CDP One Known Issues and Limitations

HMS Partition Discovery is disabled for both DL and DH

Issue:

HMS Partition Discovery is disabled for both data lakes and data hubs.

Workaround

Run the MSCK (metastore consistency check) Hive command every time you need to synchronize a partition with the file system. For more information see Partitioned tables.

Spark connection via SparklyR can only read external hive tables

Issue:

Spark connections via SparklyR can only read external hive tables (not managed ACID hive tables).

Workaround

To access Hive from Spark, you need to use the Hive Warehouse Connector (HWC) implicitly or explicitly.

Spark and Hive tables interoperate using the Hive Warehouse Connector and Spark Direct Reader to access ACID managed tables. The Hive Warehouse Connector is designed to access managed ACID v2 Hive tables from Spark. HWC is a Spark library/plugin that is launched with the Spark app.

You can access external tables from Spark directly using SparkSQL. You do not need HWC to read or write Hive external tables. Spark users just read from or write to Hive directly. You can read Hive external tables in ORC or Parquet formats. You can write Hive external tables in ORC format only.

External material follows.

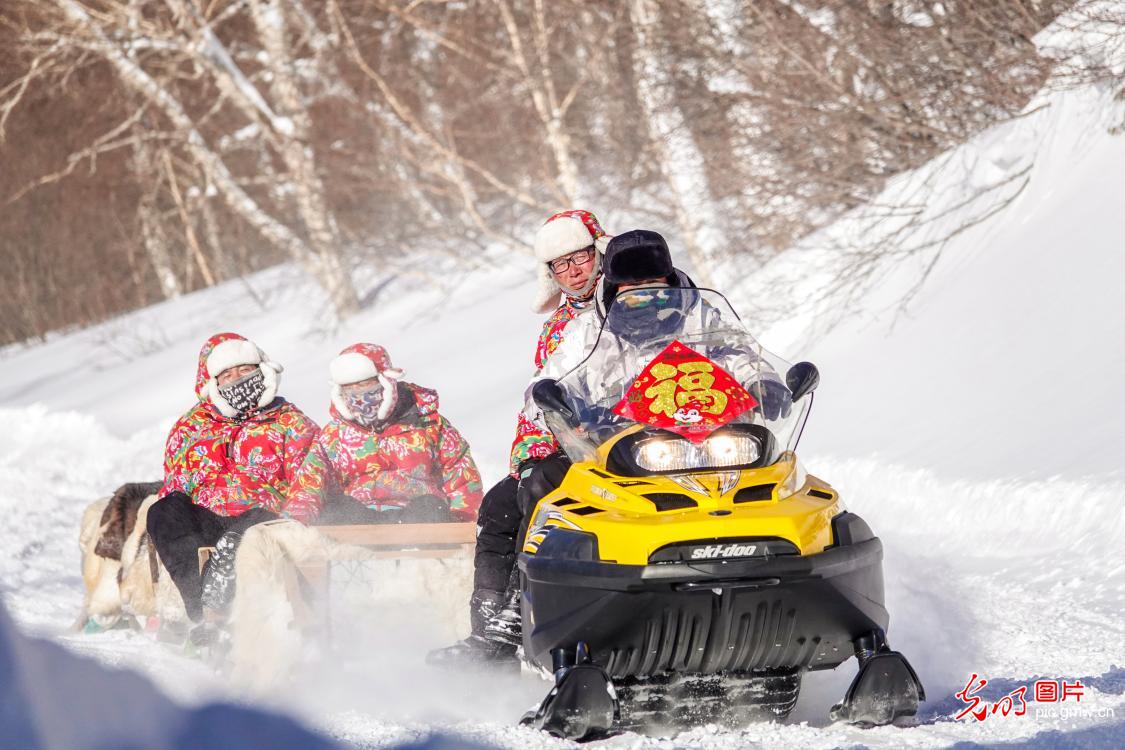 冰雪旅游“火热”持续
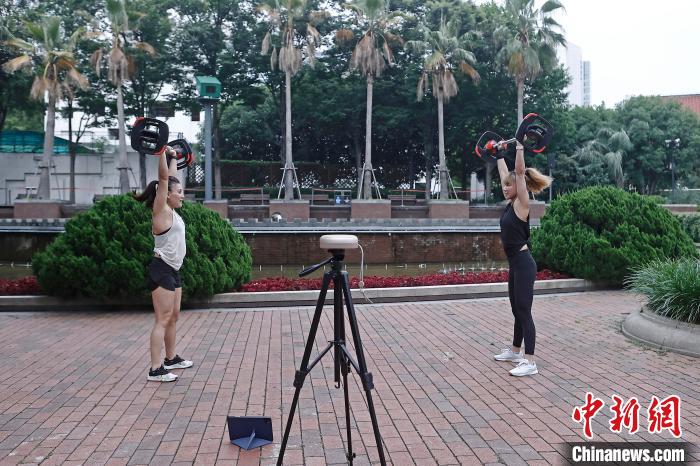 市民在防范區(qū)街頭空曠的場地上進行鍛煉?！∫罅⑶?攝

Use the Spark Direct Reader and HWC for ETL jobs. For other jobs, consider using Apache Ranger and the HiveWarehouseConnector library to provide row and column, fine-grained access to the data.

HWC supports spark-submit and pyspark. The spark thrift server is not supported.

To deploy JAR files for Sqoop, contact Cloudera Support

Issue:

Errors may occur if you attempt to add JAR files to the Sqoop directory.

Workaround

Contact Cloudera support for help with deploying JAR files for Sqoop.